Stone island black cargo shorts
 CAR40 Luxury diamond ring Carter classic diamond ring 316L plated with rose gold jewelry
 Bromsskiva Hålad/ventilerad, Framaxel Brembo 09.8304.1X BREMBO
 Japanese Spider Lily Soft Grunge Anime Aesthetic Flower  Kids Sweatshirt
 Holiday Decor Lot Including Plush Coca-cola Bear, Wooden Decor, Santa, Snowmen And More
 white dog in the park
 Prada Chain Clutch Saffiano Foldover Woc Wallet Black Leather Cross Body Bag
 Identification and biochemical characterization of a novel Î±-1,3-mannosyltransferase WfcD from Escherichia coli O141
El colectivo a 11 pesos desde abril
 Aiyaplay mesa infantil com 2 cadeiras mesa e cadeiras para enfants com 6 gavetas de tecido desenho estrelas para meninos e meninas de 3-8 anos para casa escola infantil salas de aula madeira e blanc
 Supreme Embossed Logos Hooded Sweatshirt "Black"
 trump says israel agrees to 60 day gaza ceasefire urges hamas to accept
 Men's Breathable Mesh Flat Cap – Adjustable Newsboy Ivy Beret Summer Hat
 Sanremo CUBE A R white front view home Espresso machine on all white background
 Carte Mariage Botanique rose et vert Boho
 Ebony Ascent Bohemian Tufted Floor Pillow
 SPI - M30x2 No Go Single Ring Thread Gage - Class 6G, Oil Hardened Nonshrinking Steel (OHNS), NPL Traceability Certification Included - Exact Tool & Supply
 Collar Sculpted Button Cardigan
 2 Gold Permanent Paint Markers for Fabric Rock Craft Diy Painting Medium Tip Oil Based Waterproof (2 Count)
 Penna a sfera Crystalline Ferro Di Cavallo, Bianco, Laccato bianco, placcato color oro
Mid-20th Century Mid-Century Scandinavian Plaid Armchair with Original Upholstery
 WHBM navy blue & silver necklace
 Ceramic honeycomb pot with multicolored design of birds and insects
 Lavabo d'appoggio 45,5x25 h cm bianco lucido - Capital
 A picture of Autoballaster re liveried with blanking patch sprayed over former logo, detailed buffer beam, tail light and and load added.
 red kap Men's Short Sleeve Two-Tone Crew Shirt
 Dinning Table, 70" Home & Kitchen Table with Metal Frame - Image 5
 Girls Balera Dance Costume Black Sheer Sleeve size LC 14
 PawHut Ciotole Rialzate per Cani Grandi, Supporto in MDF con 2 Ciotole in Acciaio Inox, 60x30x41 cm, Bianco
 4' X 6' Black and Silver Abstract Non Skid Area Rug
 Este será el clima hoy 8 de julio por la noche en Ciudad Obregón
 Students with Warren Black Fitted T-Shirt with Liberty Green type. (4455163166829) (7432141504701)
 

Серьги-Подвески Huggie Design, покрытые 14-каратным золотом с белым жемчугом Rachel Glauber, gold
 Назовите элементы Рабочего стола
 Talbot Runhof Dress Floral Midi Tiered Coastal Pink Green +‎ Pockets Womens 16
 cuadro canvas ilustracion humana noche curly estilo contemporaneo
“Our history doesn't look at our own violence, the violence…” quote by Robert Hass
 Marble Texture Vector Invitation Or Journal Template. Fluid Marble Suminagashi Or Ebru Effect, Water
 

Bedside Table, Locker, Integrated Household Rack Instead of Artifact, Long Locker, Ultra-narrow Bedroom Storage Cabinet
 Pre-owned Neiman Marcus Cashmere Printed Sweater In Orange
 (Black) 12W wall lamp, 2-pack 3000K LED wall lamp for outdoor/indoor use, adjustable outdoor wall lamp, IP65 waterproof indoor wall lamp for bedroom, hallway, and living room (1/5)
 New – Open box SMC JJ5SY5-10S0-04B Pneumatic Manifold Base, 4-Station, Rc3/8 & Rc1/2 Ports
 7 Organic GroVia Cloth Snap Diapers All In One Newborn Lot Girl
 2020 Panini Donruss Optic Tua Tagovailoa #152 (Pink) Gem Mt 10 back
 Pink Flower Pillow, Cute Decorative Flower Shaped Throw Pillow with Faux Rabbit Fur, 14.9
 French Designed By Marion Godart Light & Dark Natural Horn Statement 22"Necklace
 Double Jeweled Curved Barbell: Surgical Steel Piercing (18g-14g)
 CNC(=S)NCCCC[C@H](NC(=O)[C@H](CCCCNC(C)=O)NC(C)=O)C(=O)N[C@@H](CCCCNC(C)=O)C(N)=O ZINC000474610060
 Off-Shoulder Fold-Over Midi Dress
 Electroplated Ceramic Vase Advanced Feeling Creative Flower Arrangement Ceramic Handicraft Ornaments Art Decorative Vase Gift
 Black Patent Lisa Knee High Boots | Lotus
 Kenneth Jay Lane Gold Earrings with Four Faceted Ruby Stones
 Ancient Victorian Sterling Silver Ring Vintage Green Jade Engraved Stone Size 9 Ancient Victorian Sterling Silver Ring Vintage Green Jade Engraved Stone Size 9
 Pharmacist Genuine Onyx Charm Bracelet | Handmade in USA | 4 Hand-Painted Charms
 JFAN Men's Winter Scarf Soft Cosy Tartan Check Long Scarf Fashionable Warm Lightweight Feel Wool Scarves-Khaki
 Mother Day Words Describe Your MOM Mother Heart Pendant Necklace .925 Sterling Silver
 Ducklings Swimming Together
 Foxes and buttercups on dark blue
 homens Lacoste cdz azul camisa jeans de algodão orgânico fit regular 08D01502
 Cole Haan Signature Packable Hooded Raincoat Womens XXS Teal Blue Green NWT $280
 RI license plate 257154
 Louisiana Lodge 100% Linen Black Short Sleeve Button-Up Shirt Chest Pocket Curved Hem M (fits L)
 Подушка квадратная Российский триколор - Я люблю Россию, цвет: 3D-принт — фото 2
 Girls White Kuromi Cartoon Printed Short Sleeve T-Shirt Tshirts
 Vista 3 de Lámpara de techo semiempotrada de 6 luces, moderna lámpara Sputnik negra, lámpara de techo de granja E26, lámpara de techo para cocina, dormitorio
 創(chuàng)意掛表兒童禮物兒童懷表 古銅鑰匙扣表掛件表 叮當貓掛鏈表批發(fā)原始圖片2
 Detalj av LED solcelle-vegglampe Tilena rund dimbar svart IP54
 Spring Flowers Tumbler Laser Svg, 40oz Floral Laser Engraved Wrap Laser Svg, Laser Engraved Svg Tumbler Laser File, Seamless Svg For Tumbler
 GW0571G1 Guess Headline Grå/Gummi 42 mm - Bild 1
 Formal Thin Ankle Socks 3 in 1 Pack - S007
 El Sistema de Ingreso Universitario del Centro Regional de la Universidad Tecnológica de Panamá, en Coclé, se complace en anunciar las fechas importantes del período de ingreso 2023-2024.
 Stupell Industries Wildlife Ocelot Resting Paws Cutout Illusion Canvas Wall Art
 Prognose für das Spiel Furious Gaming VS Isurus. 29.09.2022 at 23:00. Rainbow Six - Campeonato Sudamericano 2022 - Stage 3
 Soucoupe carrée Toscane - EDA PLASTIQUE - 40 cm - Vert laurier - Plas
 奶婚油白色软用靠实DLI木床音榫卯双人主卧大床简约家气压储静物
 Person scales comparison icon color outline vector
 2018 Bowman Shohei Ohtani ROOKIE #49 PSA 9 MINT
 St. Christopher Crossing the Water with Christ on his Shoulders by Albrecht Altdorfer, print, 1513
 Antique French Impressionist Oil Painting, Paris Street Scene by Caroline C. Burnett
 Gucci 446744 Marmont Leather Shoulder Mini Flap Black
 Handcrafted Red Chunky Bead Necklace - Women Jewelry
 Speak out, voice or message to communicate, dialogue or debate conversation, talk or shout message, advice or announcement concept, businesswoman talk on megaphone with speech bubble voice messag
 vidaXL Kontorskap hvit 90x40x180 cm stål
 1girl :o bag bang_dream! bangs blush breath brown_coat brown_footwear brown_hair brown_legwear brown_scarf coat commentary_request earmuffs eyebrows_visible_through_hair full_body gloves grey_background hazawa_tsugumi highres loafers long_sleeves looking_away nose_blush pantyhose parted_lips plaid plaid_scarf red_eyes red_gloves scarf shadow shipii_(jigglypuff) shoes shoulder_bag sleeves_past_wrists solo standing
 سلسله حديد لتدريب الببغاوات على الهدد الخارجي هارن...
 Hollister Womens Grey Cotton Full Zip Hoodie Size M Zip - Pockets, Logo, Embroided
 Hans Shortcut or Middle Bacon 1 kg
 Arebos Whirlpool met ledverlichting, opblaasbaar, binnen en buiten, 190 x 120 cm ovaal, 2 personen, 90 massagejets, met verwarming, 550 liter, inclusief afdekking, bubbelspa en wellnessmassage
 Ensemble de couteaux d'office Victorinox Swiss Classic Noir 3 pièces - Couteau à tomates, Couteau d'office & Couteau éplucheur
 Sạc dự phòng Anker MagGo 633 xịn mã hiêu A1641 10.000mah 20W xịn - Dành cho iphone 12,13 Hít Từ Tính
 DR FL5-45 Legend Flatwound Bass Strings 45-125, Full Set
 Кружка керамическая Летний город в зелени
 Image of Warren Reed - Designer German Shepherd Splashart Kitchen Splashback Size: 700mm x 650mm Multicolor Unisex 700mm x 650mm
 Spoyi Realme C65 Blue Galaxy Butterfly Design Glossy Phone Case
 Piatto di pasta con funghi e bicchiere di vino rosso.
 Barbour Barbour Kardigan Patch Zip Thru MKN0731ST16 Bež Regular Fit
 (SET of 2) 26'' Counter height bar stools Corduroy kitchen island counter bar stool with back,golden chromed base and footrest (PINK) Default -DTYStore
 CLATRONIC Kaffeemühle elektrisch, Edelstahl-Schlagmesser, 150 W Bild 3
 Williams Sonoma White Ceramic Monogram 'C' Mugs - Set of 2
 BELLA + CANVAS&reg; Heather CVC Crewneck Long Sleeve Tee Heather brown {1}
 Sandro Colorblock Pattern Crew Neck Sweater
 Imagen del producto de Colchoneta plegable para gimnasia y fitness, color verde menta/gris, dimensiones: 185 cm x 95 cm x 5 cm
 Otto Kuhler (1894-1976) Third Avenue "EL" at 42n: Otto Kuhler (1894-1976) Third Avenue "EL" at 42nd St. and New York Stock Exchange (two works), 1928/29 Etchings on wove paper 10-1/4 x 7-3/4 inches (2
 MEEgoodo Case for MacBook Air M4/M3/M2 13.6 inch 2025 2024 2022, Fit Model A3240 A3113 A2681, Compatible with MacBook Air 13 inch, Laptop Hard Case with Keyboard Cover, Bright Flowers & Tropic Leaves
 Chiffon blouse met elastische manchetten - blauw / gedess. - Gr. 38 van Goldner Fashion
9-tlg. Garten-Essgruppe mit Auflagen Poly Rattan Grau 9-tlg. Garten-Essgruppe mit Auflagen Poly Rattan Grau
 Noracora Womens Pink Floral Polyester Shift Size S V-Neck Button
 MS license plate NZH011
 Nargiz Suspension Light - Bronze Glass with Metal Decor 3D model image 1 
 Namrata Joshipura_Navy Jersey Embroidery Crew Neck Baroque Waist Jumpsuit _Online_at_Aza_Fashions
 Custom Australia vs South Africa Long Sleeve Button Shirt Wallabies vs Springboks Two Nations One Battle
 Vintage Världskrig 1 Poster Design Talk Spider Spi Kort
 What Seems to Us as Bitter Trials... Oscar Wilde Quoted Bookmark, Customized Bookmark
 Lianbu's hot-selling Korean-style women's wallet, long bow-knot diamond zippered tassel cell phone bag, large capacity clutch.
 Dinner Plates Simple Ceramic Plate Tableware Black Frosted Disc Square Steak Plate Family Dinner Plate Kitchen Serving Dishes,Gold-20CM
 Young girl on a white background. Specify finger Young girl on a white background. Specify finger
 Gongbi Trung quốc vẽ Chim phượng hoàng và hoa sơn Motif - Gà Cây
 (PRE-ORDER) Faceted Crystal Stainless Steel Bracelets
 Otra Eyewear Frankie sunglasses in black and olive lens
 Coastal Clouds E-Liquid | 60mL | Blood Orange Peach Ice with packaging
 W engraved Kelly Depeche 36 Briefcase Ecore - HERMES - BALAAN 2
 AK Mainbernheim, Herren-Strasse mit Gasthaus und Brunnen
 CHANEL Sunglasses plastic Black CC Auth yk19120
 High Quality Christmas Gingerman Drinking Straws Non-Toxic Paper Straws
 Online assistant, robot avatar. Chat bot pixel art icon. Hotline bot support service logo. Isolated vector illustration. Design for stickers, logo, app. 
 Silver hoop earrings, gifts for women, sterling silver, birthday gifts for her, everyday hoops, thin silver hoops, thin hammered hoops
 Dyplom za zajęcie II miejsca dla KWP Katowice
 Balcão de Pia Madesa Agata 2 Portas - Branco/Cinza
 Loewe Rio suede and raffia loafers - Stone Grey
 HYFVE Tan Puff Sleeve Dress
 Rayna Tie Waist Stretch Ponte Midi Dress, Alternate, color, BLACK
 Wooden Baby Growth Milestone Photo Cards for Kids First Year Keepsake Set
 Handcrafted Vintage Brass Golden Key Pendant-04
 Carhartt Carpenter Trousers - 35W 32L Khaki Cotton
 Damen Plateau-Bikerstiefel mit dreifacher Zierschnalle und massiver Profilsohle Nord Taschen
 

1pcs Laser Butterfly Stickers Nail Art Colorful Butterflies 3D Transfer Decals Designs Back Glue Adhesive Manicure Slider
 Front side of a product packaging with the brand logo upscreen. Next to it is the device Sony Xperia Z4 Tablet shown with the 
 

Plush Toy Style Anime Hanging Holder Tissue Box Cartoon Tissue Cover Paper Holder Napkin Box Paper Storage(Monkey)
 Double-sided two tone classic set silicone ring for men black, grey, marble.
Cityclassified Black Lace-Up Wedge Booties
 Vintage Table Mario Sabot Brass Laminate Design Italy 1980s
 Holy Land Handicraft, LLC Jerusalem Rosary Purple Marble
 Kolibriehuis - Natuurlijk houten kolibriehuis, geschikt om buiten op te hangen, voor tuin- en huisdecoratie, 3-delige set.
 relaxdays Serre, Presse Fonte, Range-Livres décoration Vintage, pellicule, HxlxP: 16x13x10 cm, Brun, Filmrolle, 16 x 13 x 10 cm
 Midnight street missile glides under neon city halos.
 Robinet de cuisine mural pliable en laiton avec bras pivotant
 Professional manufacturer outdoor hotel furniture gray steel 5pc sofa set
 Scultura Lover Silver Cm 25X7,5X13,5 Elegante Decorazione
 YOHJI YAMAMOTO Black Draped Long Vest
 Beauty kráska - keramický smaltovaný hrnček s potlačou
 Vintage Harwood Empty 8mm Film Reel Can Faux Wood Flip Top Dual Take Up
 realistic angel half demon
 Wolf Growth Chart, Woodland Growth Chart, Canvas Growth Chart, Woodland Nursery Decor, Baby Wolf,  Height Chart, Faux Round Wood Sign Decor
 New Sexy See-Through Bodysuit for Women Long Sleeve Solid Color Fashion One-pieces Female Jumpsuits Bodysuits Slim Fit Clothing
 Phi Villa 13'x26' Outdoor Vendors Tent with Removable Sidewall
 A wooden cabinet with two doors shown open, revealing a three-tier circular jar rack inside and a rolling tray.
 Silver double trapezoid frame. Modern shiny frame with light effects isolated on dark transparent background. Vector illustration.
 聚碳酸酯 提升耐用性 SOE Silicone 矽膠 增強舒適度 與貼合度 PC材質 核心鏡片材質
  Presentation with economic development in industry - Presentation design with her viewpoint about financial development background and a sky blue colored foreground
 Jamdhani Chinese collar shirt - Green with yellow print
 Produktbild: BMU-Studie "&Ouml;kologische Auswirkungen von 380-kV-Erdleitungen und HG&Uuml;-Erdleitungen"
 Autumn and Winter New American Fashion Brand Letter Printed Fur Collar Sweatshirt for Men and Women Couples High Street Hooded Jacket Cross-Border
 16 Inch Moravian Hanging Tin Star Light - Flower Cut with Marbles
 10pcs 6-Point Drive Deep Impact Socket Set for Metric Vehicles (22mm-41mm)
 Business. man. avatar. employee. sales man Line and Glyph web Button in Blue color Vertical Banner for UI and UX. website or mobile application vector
---*---
● **EXERCISE AIM**
Look above for the line with "Kenneth Jay Lane" and the line with "奶婚油白色软用靠实DLI木床音榫卯双人主卧大床简约家气压储静物". Retype those two lines and every line between them exactly, adding nothing.

● **EXERCISE RESULT**
 Kenneth Jay Lane Gold Earrings with Four Faceted Ruby Stones
 Ancient Victorian Sterling Silver Ring Vintage Green Jade Engraved Stone Size 9 Ancient Victorian Sterling Silver Ring Vintage Green Jade Engraved Stone Size 9
 Pharmacist Genuine Onyx Charm Bracelet | Handmade in USA | 4 Hand-Painted Charms
 JFAN Men's Winter Scarf Soft Cosy Tartan Check Long Scarf Fashionable Warm Lightweight Feel Wool Scarves-Khaki
 Mother Day Words Describe Your MOM Mother Heart Pendant Necklace .925 Sterling Silver
 Ducklings Swimming Together
 Foxes and buttercups on dark blue
 homens Lacoste cdz azul camisa jeans de algodão orgânico fit regular 08D01502
 Cole Haan Signature Packable Hooded Raincoat Womens XXS Teal Blue Green NWT $280
 RI license plate 257154
 Louisiana Lodge 100% Linen Black Short Sleeve Button-Up Shirt Chest Pocket Curved Hem M (fits L)
 Подушка квадратная Российский триколор - Я люблю Россию, цвет: 3D-принт — фото 2
 Girls White Kuromi Cartoon Printed Short Sleeve T-Shirt Tshirts
 Vista 3 de Lámpara de techo semiempotrada de 6 luces, moderna lámpara Sputnik negra, lámpara de techo de granja E26, lámpara de techo para cocina, dormitorio
 創(chuàng)意掛表兒童禮物兒童懷表 古銅鑰匙扣表掛件表 叮當貓掛鏈表批發(fā)原始圖片2
 Detalj av LED solcelle-vegglampe Tilena rund dimbar svart IP54
 Spring Flowers Tumbler Laser Svg, 40oz Floral Laser Engraved Wrap Laser Svg, Laser Engraved Svg Tumbler Laser File, Seamless Svg For Tumbler
 GW0571G1 Guess Headline Grå/Gummi 42 mm - Bild 1
 Formal Thin Ankle Socks 3 in 1 Pack - S007
 El Sistema de Ingreso Universitario del Centro Regional de la Universidad Tecnológica de Panamá, en Coclé, se complace en anunciar las fechas importantes del período de ingreso 2023-2024.
 Stupell Industries Wildlife Ocelot Resting Paws Cutout Illusion Canvas Wall Art
 Prognose für das Spiel Furious Gaming VS Isurus. 29.09.2022 at 23:00. Rainbow Six - Campeonato Sudamericano 2022 - Stage 3
 Soucoupe carrée Toscane - EDA PLASTIQUE - 40 cm - Vert laurier - Plas
 奶婚油白色软用靠实DLI木床音榫卯双人主卧大床简约家气压储静物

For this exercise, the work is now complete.